Hand carving the giant toys
Stutzman handcrafts each jumbo nutcracker from scratch, starting with a 200-pound block of Styrofoam.
“We cut it into smaller blocks with this contraption,” he said. “It’s a hot wire cutter. As you can see, it moves back and forth and up and down. When it’s working, you can cut blocks, you can make them into cylinders, get rough shapes.”
Then, a wood lathe rotates the Styrofoam like a pottery wheel.

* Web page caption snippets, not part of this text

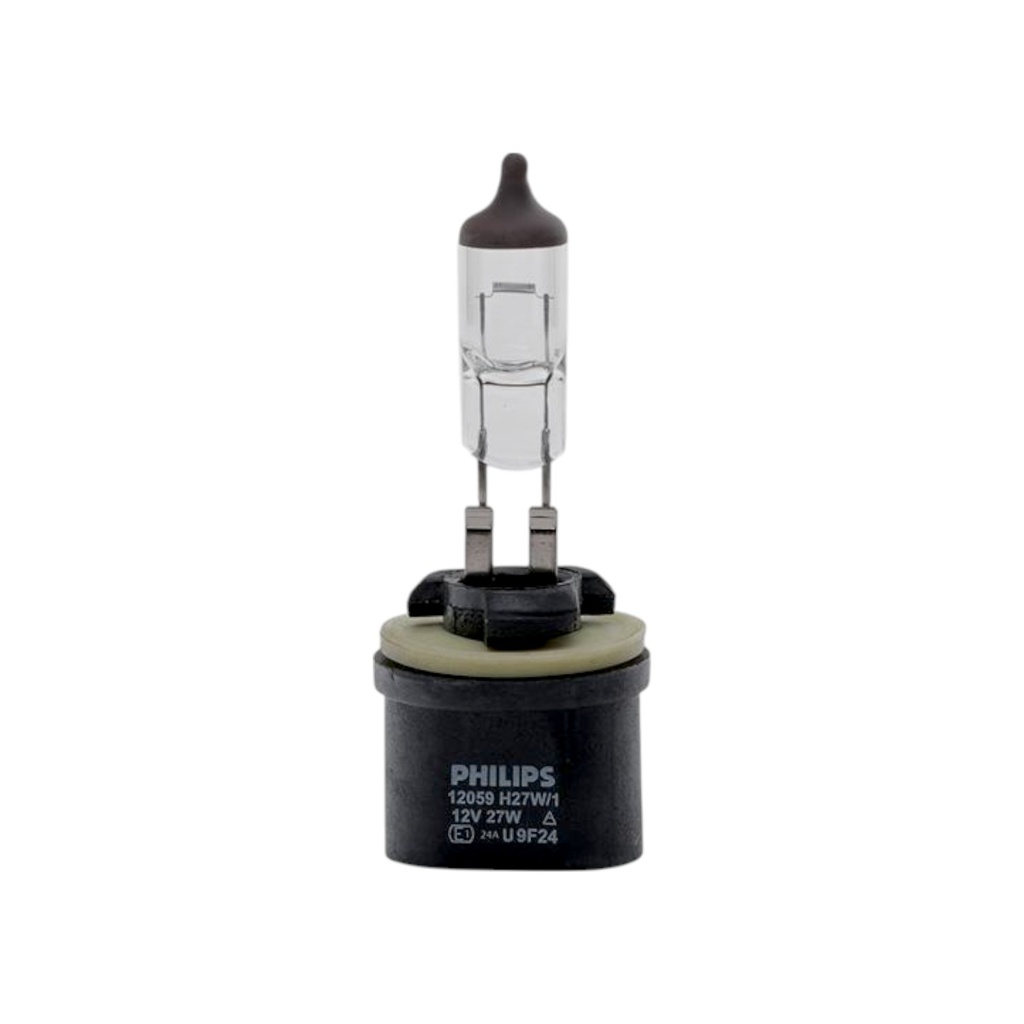 Lampara 12 Volt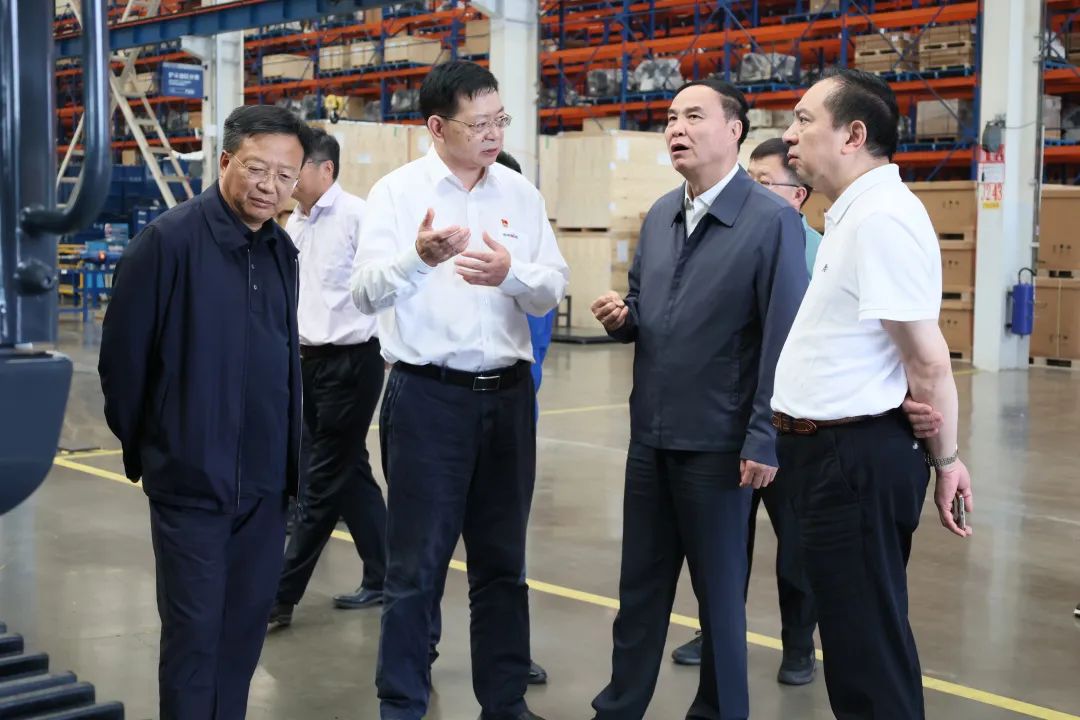 20230525161925_23962 李文荣调研55世纪智能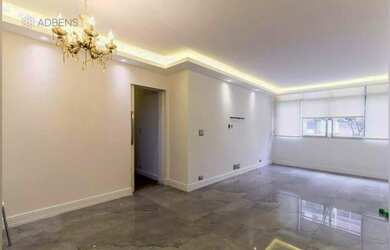 Imagem 1: Apartamento com 3 dormitórios à venda, 118 m² por R$ 1.150.000,00 -...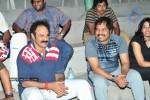 Tollywood Stars Cricket Practice for T20 Trophy - 99 of 156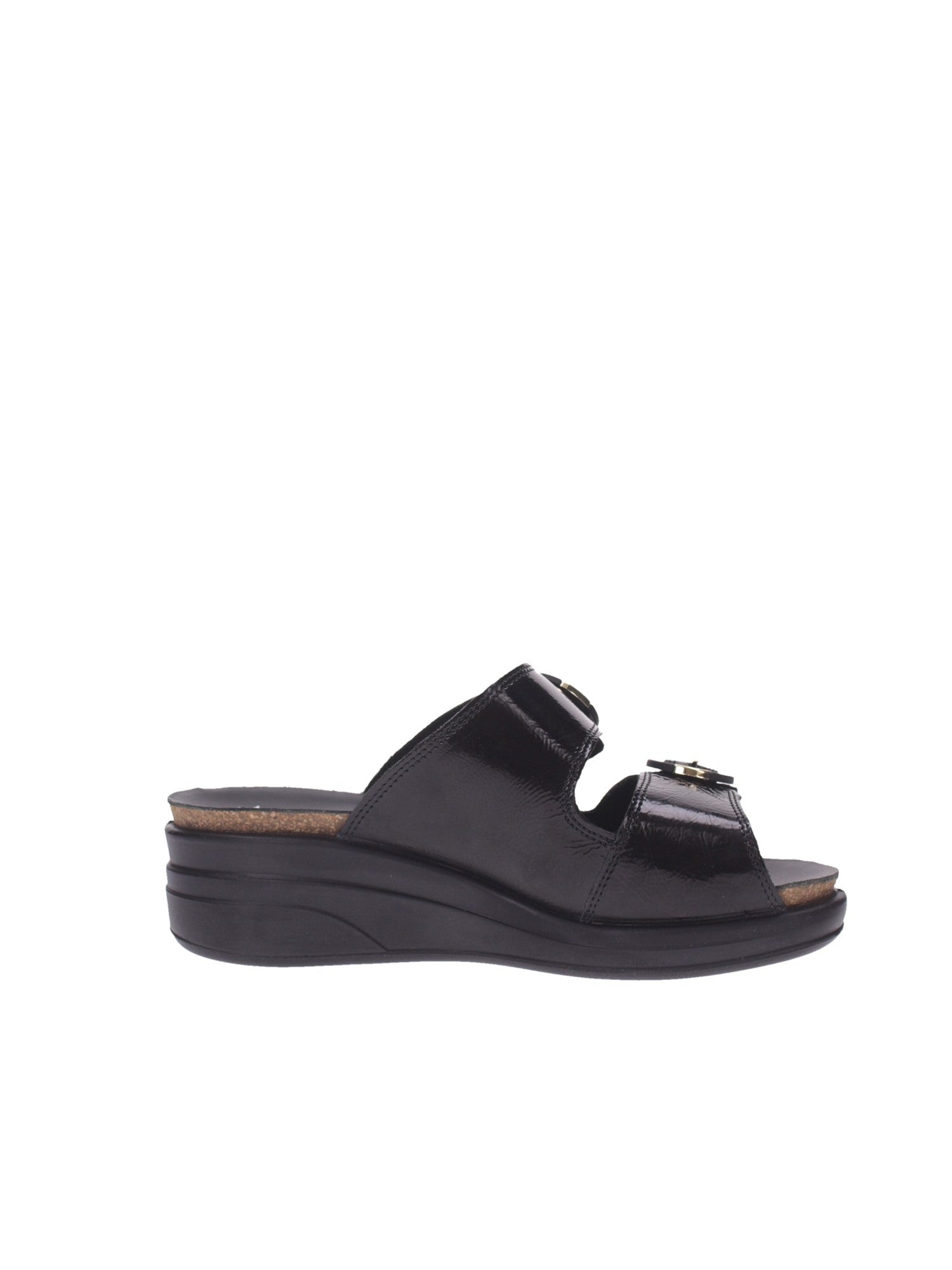 Ara Ciabatta#colore_nero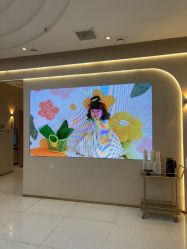 -小阿福儿童摄影(光谷时代广场店)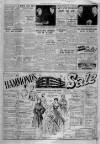 Hull Daily Mail Thursday 07 January 1954 Page 3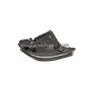 Faro Delantero Izquierdo SEAT IBIZA 6L | Desguaces Foro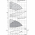 Вертикальный многоступенчатый насос Wilo Helix EXCEL 1602-2/25/V/KS 4162491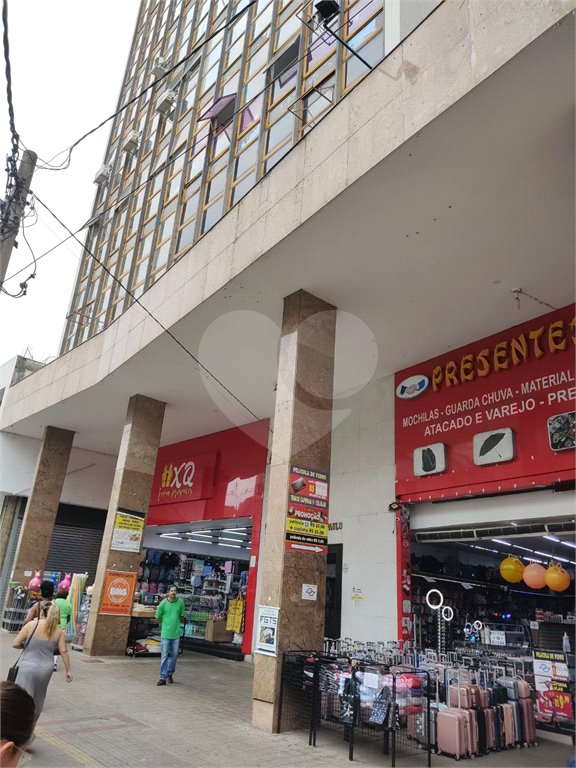 Sala para alugar no Centro, Sorocaba, SP
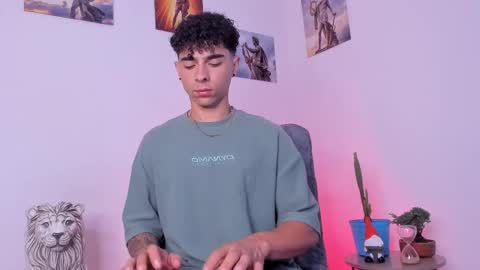 x   online show from 22, 12, 2025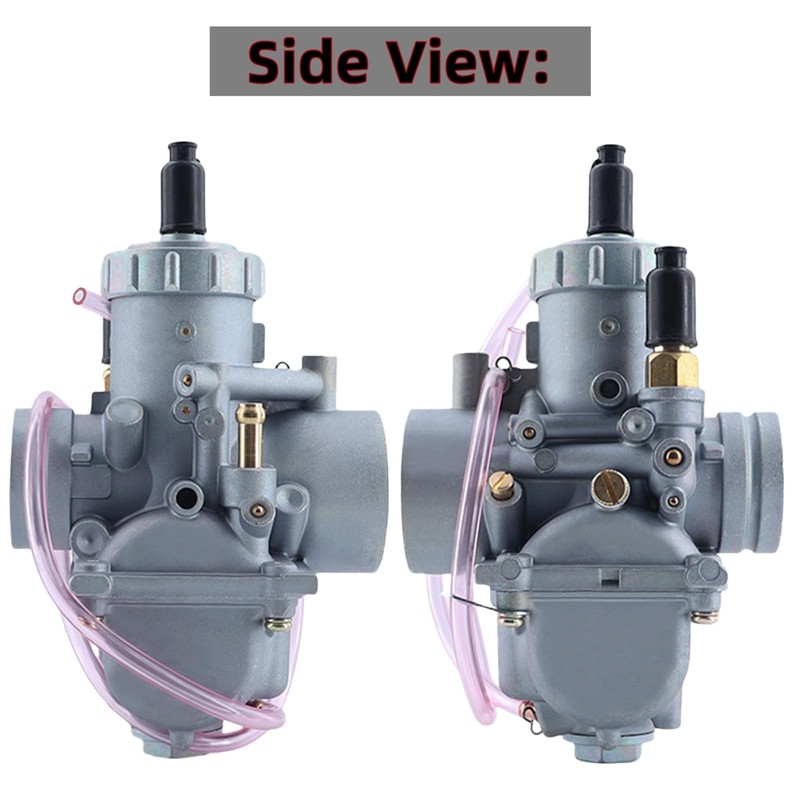 30MM Carburetor for Polaris Trail Boss Trail Blazer Big Boss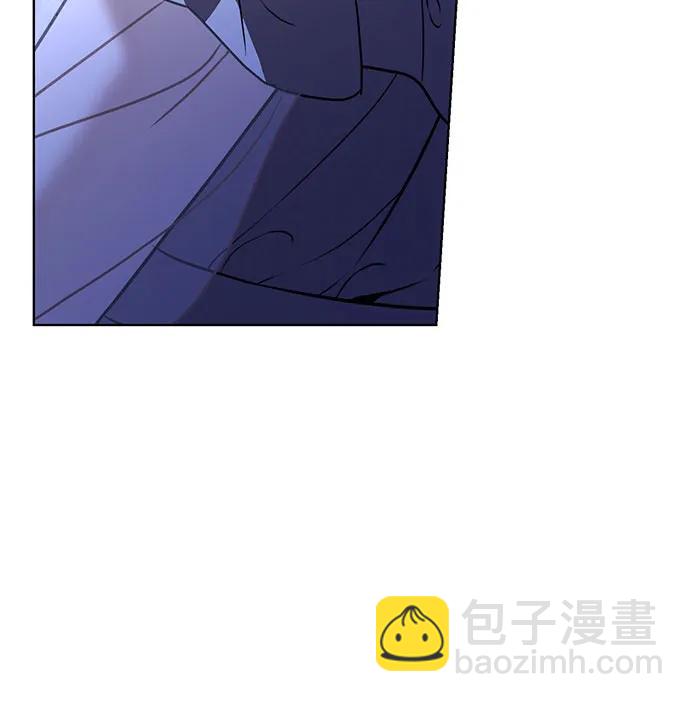 第47话26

As it spins, Stutzman uses a blade to give their toy bodies distinct shapes.
“You then sand it smooth and then you coat it in fiberglass with a brush,” he explained. “And then when that dries, you sand it [again] and that gets that final, complete version before you’re ready to paint it.”
Every year, he hand carves more nutcrackers like this, adding to the collection of more than 200 that are now on display in downtown Steubenville.
“It’s like an army of toys in the streets,” he said.
Some nutcrackers are traditional soldiers. Others are recognizable characters like Charlie Brown, Mary Poppins and the cast of the Wizard of Oz. This year, Stutzman is excited to introduce a new figure: Flick from A Christmas Story, complete with a tongue stuck to a flagpole.
Revitalizing Steubenville’s downtown
The army of nutcrackers has attracted national press. It’s been featured in the Washington Post, the Today show, People, Forbes and Wait, Wait…Don’t Tell Me!
And the attention has attracted swarms of visitors. Steubenville’s population barely skims 18,000 on a normal day. But last year, Nelson says five times that number of people descended on the city’s nutcracker village.
That scale of tourism is working wonders to revitalize the city’s streets, she said. Her family decided to invest in a building that had been mostly empty since 1970.
“The reason that we opened the coffee shop and the popcorn store and the Christmas store was because we saw the value in what was happening with the nutcrackers,” she said. “My husband felt like, ‘All right, we’ll just put our money where our mouth is and invest in the downtown.’”
Others followed suit.
“Ever since we started the nutcracker village, a pottery studio has opened, a cigar store has opened, the bookstore remained open,” Nelson said. A pizza place and Mexican restaurant moved in too.
“People need something unique in their city that’s not just a part of their job or their commute, something that gives their town character,” Stutzman said. “Steubenville has a lot of hidden character. We’re trying to expose that, and it brings more attention to the neglected parts of downtown.”
So while Steubenville’s giant nutcrackers don’t come to life themselves on these long December nights, they are breathing new life into the city’s streets.